Hayatımdan insanlar çıkıp gidince sinir oluyorum. Hele bir de onları bir daha göremeyeceğimi bilince, daha da sinir oluyorum.
Az önce okuldan ayrılan, çok sevdiğim tiyatro hocama bir mesaj attım. Gerçekten benim kendi oyunumu yazmama ve oyunumu yönetmeme o kadar yardımcı oldu ki; onu düşündüğümde aklıma binlerce güzel şey geliyor. Kendisi herhalde oyunu en fazla izleyen insandı; çünkü 3 şovun 2sini tamamiyle izleyip, birinde de sadece başını izleyebilmişti. Kimsenin kalbini kıramazken ben, bana yönetmenliğin kalp kırmak olduğunu gösterip, benim yerime "Deniz size bağırmıyor; ama ben size bağırabilirim" cümlesiyle oyuncuları eleştirirdi. Önceki senelerde oyuncu olduğum zamanlarda bana kattıklarını tartışmaya bile gerek yok zaten. Kendisini gerçekten öğretmeye ve paylaşmaya adamış bir insan olduğu kesin.
Ne yazık ki, artık Türkiye'de bile değil ve hayatımda bir daha eskisi gibi olamayacak. İşte böyle anlarda da kendime sormadan edemiyorum: "Sevdiğimiz insanlar neden hayatlarımızdan gidiyorlar?"
Bencilce olsa da, insanlar bırakıp gidememeli bir yeri bence. En azından ben gidene kadar. Bu şekilde, hep onlarla beraber kalır, mutlu bir yaşam sürerdik. Kimse farklı yollara gitmeseydi, birbirimizi kaybetmezdik.

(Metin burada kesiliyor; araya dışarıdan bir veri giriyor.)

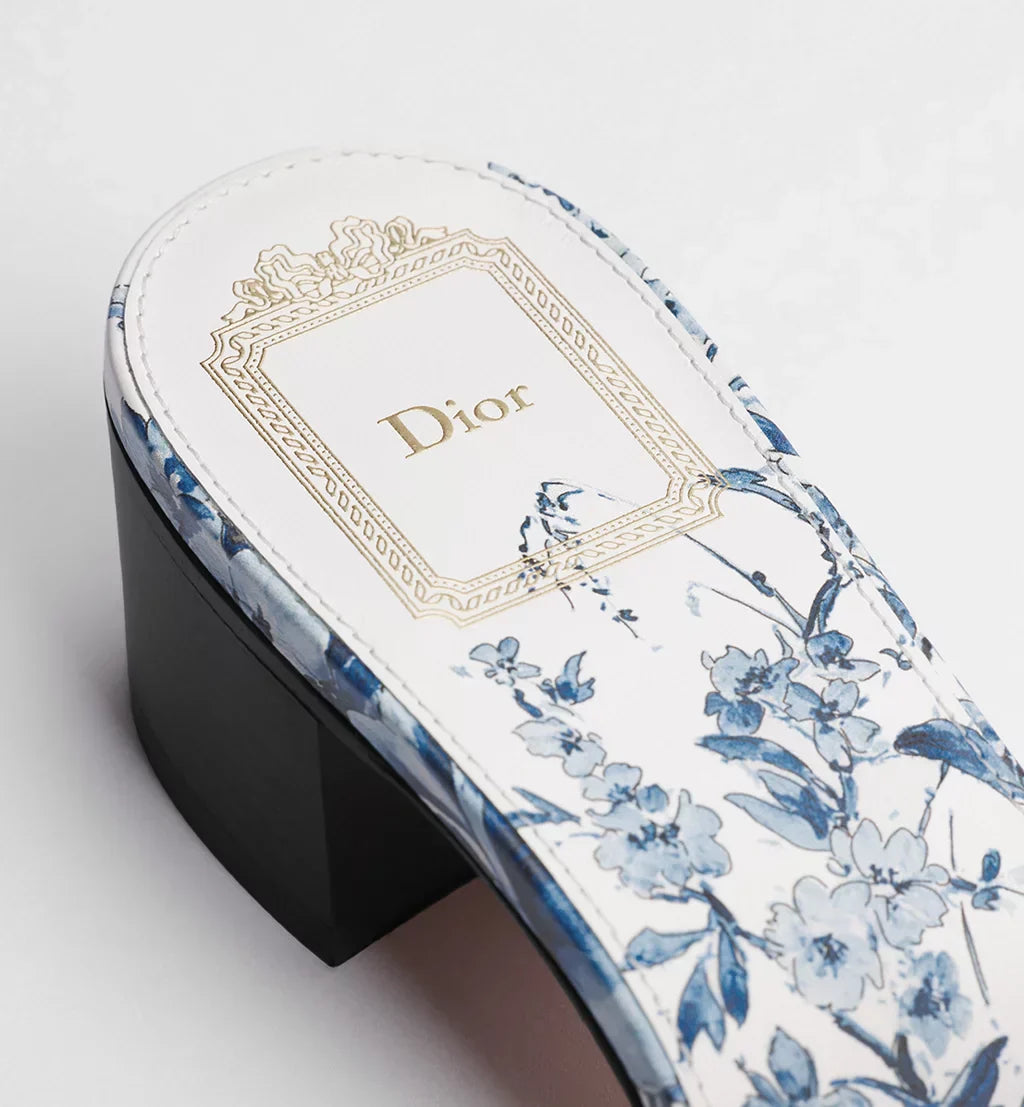 DIOR DIORVIERA DWAY HEELED SLIDE WHITE AND BLUE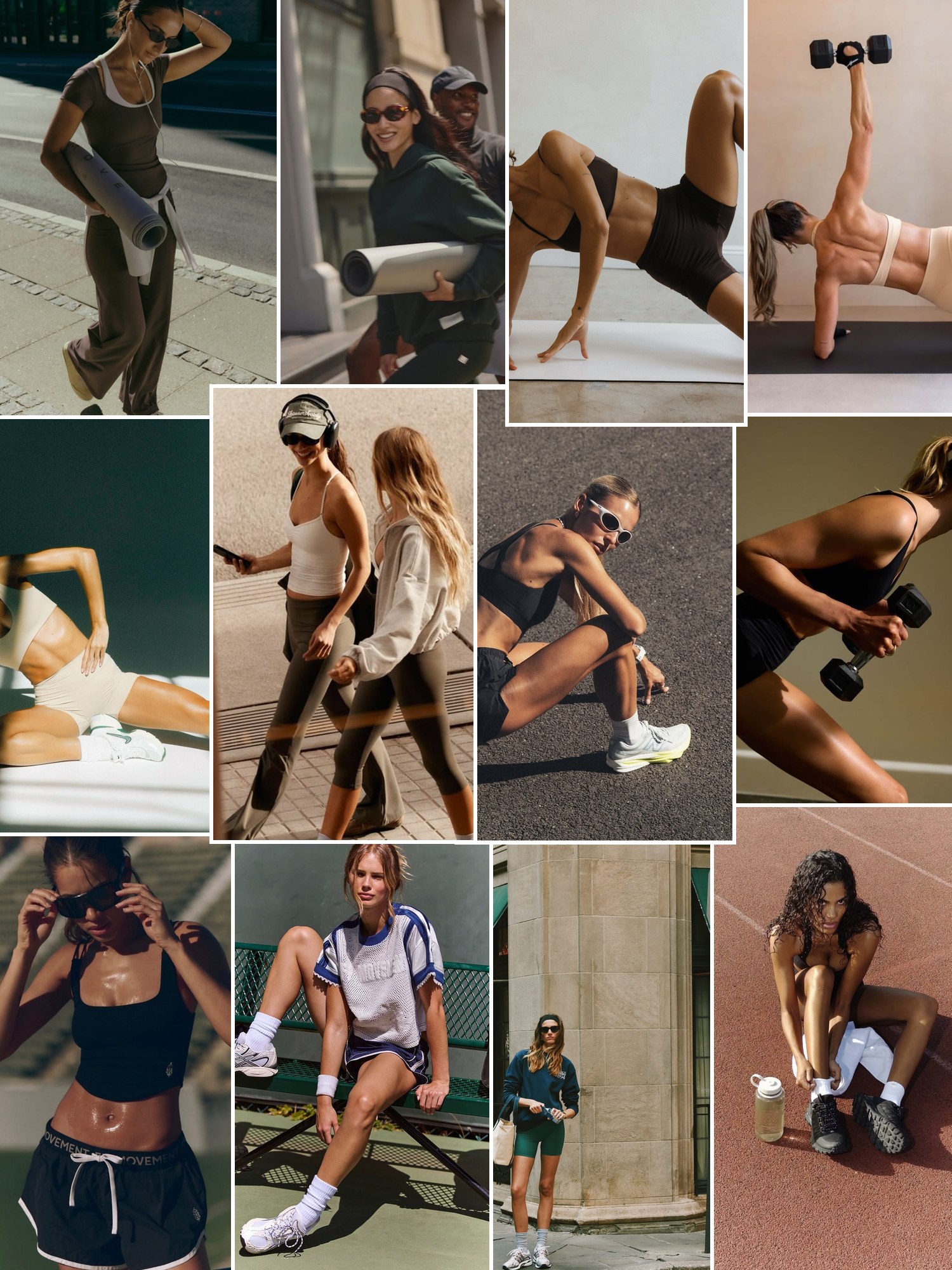 Matching gym sets, jackets and sneakers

Onun üzerine biraz daha düşünüyorum ve şunu farkediyorum ki, gerçekte en derinde biliyoruz ki, bizi birbirimizden koparanlar ne farklı şehirler, ne de farklı ülkeler. Bazen nedensizce insanlar birbirlerinin yaşamlarını terkedip, yanyana dursalar bile farklı dünyalarda oluyorlar. O zaman olay şuna dönüyor: İnsanları daha kalbimizde tutmayı beceremezken, onları nasıl sonsuza dek aynı mekanda tutmayı başarabiliriz ki?